So bleibt die Frage, warum Amazon anfängt, zu kommunizieren – und warum ausgerechnet jetzt, wo das Unternehmen in der Corona-Krise sein Wachstum von „Turbo“ auf „Ultraturbo“ hochschalten konnte und dabei medial gar nicht so schlecht wegkam. Das eindeutig asozialere Verhalten legten nämlich deutsche Markenhersteller wie Adidas und Lebensmittelbetriebe wie Tönnies an den Tag, während Amazon eine Corona-Zulage und passende Arbeitsschutzmaßnahmen einführte.

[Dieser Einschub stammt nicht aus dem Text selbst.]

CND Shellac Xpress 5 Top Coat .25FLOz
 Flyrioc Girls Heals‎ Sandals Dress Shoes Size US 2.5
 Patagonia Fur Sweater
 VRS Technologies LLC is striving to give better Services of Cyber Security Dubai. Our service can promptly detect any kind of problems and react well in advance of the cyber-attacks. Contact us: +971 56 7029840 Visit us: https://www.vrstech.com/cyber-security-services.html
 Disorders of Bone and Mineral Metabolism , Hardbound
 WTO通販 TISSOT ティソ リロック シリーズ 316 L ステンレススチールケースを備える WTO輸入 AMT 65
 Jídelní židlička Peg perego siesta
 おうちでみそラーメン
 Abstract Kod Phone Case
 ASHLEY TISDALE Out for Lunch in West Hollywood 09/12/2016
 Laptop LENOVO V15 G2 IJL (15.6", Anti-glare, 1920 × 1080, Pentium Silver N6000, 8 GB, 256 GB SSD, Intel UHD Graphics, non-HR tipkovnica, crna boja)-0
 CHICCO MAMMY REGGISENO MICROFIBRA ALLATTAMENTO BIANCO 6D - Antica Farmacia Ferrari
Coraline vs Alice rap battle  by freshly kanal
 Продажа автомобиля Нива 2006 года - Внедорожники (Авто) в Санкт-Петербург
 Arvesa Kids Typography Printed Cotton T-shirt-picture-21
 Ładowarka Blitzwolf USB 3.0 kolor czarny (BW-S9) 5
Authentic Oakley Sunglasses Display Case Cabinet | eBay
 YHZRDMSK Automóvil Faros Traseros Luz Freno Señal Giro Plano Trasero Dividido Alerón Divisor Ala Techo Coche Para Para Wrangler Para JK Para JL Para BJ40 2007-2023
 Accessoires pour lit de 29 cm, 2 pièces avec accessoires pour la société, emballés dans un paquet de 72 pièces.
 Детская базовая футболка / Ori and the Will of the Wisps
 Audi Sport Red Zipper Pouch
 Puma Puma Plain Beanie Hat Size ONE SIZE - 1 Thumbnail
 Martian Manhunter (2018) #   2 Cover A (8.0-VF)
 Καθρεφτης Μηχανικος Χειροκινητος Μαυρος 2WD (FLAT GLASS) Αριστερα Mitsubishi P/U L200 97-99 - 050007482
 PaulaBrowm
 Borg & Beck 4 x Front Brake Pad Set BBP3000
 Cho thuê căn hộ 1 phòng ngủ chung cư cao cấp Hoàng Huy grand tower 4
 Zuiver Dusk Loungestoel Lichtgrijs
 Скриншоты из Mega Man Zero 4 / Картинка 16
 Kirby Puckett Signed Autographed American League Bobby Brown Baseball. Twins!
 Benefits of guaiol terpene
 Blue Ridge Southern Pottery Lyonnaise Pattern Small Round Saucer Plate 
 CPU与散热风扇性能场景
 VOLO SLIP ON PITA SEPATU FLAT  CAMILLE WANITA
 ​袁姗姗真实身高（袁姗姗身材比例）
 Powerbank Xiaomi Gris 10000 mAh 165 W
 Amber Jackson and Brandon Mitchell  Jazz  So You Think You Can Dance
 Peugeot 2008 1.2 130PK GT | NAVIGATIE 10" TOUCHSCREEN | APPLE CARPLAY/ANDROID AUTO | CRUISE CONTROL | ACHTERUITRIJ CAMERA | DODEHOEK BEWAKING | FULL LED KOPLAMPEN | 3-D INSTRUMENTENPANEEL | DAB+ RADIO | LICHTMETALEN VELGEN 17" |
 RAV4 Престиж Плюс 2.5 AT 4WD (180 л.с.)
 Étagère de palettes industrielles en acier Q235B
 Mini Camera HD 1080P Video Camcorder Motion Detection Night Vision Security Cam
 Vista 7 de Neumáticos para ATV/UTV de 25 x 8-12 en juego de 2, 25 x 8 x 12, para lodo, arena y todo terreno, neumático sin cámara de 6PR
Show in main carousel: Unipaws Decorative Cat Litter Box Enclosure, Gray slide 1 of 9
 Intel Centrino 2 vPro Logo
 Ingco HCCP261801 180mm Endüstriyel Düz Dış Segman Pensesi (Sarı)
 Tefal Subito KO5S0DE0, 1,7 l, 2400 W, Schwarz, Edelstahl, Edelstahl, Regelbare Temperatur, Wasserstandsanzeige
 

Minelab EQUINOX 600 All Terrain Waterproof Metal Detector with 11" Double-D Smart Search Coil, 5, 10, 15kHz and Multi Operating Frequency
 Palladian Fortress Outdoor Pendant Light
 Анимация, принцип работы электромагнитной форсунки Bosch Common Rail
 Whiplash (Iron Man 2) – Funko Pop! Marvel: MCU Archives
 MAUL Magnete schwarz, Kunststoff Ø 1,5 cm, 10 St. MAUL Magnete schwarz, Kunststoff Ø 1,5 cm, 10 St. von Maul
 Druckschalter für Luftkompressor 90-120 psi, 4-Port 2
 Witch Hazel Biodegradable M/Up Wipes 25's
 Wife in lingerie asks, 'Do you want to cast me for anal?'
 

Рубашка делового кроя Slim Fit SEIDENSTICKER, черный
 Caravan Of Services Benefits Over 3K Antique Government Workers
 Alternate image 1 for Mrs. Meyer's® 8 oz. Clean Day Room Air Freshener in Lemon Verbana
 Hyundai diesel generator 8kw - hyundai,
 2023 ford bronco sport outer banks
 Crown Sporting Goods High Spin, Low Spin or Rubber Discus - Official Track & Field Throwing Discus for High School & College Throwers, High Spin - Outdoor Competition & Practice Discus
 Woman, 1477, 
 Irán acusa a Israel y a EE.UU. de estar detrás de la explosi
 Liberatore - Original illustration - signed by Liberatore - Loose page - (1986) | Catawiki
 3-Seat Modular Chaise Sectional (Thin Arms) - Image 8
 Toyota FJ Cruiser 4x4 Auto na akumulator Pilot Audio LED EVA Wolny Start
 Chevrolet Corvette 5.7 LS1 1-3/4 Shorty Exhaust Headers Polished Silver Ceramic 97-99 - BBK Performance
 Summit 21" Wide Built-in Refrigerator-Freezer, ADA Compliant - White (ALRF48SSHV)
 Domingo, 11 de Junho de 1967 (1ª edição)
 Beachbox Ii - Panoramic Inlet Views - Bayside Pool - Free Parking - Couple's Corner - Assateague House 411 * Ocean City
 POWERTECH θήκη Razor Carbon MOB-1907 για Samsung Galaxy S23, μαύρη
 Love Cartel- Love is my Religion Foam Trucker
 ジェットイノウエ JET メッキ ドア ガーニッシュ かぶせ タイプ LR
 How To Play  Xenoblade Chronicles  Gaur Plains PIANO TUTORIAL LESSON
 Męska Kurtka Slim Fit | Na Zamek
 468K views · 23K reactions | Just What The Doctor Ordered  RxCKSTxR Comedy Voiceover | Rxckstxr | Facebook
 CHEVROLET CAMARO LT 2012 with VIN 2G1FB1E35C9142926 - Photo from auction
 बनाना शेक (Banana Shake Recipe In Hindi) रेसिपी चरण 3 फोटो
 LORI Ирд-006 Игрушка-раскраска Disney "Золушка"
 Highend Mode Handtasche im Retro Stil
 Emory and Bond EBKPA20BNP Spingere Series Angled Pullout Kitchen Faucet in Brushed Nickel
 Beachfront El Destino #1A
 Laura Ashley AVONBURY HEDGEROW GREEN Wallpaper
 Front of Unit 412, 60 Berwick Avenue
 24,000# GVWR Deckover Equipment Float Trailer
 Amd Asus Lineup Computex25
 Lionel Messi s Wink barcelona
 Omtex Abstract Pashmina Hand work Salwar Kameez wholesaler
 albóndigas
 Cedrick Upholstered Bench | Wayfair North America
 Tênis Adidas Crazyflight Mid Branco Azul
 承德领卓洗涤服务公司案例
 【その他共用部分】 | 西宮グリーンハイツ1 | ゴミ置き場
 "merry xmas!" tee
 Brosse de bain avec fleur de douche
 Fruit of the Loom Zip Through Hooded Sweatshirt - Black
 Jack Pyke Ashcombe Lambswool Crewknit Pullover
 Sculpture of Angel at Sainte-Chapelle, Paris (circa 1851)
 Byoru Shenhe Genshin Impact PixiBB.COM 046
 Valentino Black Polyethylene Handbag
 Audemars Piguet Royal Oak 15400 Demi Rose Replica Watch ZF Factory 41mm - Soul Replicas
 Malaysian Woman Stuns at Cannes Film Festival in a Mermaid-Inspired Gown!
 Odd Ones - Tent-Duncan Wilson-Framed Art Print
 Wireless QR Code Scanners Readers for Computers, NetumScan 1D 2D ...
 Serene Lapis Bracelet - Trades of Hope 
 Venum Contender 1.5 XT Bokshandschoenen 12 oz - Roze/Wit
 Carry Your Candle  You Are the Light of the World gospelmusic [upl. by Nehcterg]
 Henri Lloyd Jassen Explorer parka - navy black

Zu den Gründen kann man letztendlich nur spekulieren. Merkt Amazon etwas von der oft aufgestellten (aber schlecht zu überprüfenden) Behauptung, dass jüngere Konsumentenschichten Corporate-Social-Responsibility höher bewerten beim Einkauf als Vorgängergenerationen? Vielleicht gibt es konzerninterne Ergebnisse, die zeigen, dass Amazon die jüngeren, sozialeren Käufer ausgehen. Oder vielleicht hat der immer schärfer gewordene Ton in der Politik Amazon einen Schreck verpasst. Derzeit sieht Regulierung oder kartellrechtliches Vorgehen gegen Amazon zwar unwahrscheinlich aus: Amazon hat sich in der Corona-Krise als sicherer, zuverlässiger, ja systemrelevanter Versorger erwiesen. Auf europäischer Ebene haben Google und Facebook aber trotz (beziehungsweise: gerade wegen) aller Marktmacht schon eins auf die Mütze bekommen. Interessanterweise prangt auf jeder Seite des Berichts eine Europa-Karte und es ist auch oft die Rede davon, wie Amazon KMUs europaweit hilft. Vielleicht bewertet der Konzern mittlerweile eine härtere Gangart aus Brüssel als strategisches Risiko, dem es mit politischer Kommunikation entgegenzutreten gilt?
Oder vielleicht haben die Manager bei Amazon in der Corona-Krise eine Art Läuterung erlebt und ihre Soziale-Markwirtschafts-Ader entdeckt? Nun ja: 2020 ist ein urkomisches Jahr voller echter Überraschungen gewesen – aber so abgedreht wiederum auch nicht.